Monday, October 17, 2005

The Way Out

This following article is not to be taken as a comment on how I drive, or how I expect others to drive. Do not try this at home (even if you manage to get your car inside).


I took a bus to college today morining after a long time. I usually take a lift with a friend who goes by the stop and I decide its cheaper, more comfortable, and I don’t have to wake up as early. Today he wasn’t comjing, so my change of plans.

The journey was normal enough, except the girl next to me who kept leaning my way because the guy standing next to her was leaning her way because the girl behind him was leaning his way…public transport people!! So , I was nearing college when the bus had to take a turn to the left into the university area, and I happened to look up at the road that goes on straight, and I saw it for the first time. Indeed, this was a road that had been diverted for the most part of my stint in college, and it was opened in july after the metro opened up. I never looked that way because the bus turns before that and even when I drive my focus is on all the other cars leaning on mine because the car next to them is leaning on them and so on. Today somehow it caught my eye because the sky was blue, wide road was wide open and a perfect grey, and the entire frame of this road was so very inviting. It was calling to me (in that 1.5 seconds) to come and walk or drive down smoothly, happily and without care. Somehow I had missed this road before.

And it was funny because I realized that this was a major road that I had definitely traveled upon, and knew well, so such a fresh feeling from it was unfathomable. Maybe I just looked at it differently. Maybe I never looked at it before. Maybe we just need to give things time. Maybe we need to look again sometimes. Maybe all these aren’t maybe’s.

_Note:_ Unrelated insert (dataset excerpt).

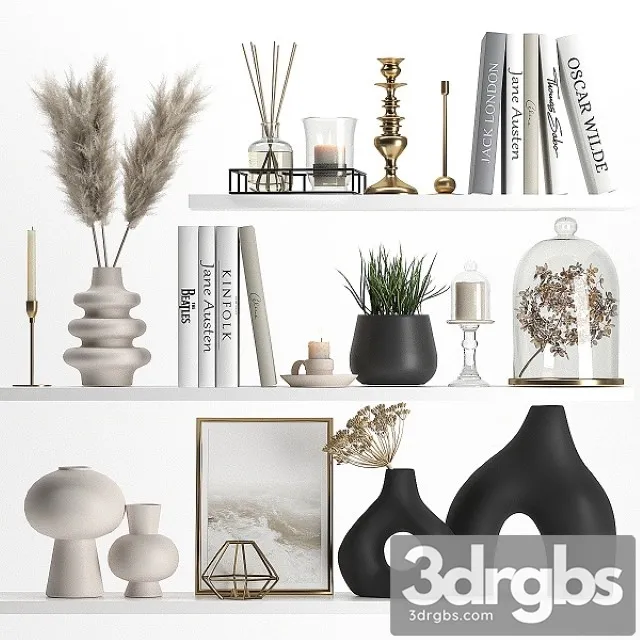 Decorative Set 018 3D Model Download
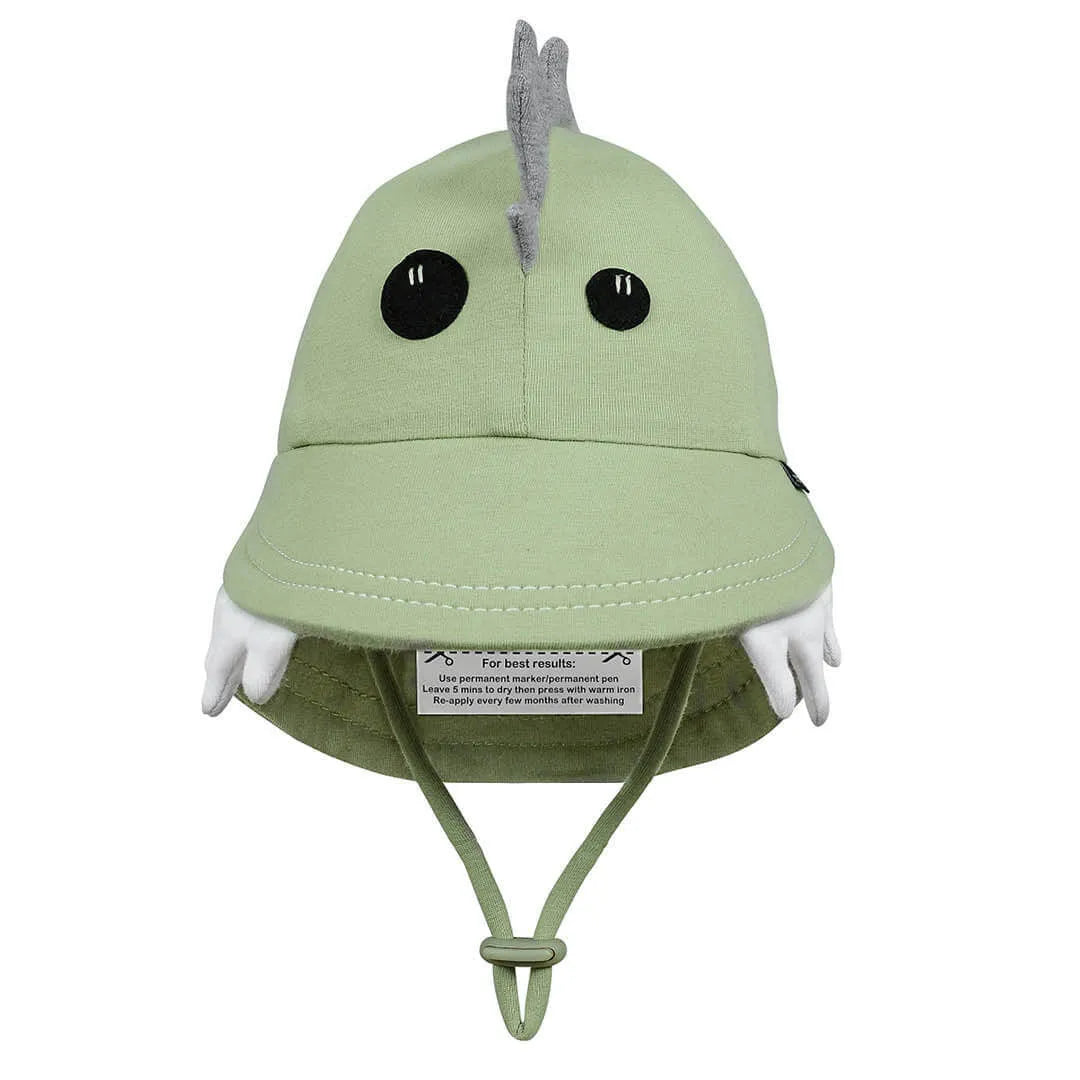 Legionnaire Flap Sun Hat - Dinosaur - Khaki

Thursday, October 13, 2005

Nobel Announcement

I’m really waiting for this year’s Nobel Literature announcement.

Oh hey wait, its been announced. It is Harold Pinter.

Mighty interesting for me, I must say. See if you have seen my earlier posts you will see I am discovering a nascent interest in theatre, and so this announcement is some kind of divine approval. Let me look up some information on Pinter.

Born 10 October 1930 in East London, playwright, director, actor, poet and political activist.

Pinter has written twenty-nine plays including The Birthday Party, The Caretaker, The Homecoming, and Betrayal, twenty-one screenplays including The Servant, The Go-Between and The French Lieutenant's Woman, and directed twenty-seven theatre productions, including James Joyce's Exiles, David Mamet's Oleanna, seven plays by Simon Gray and many of his own plays including his latest, Celebration, paired with his first, The Room at The Almeida Theatre, London in the spring of 2000.

He has been awarded the Shakespeare Prize (Hamburg), the European Prize for Literature (Vienna), the Pirandello Prize (Palermo), the David Cohen British Literature Prize, the Laurence Olivier Award and the Moliere D'Honneur for lifetime achievement. In 1999 he was made a Companion of Literature by the Royal Society of Literature. He has received honorary degrees from fourteen universities.

Pinter's interest in politics is a very public one. Over the years he has spoken out forcefully about the abuse of state power around the world, including, recently, NATO's bombing of Serbia. His most recent speech was given on the anniversary of NATO'S bombing of Serbia at the Committee for Peace in the Balkans Conference, at The Conway Hall June 10th 2000.

So now I know who it is that I will follow when I get the time. I am at a precarious situation where I have a resurgence of interest and will for reading, the loss of which I have been grappling with, and ironically now is the time that I need to focus my energies elsewhere, namely CAT. Alas… Even right now I have to divide myself between writing 2 tutorial papers for college by Monday and finish a sizeable chunk of maths course also. Uptil now I have been favouring the latter.

Monday, October 10, 2005

Pujo-accha

Went to our first pandal of the season yesterday (Oui, je suis Bengali). It was the Hauz Khas one, which is one of our staples every year, it being that my family has long links with that place. It was nice, though a bit hard on the senses though.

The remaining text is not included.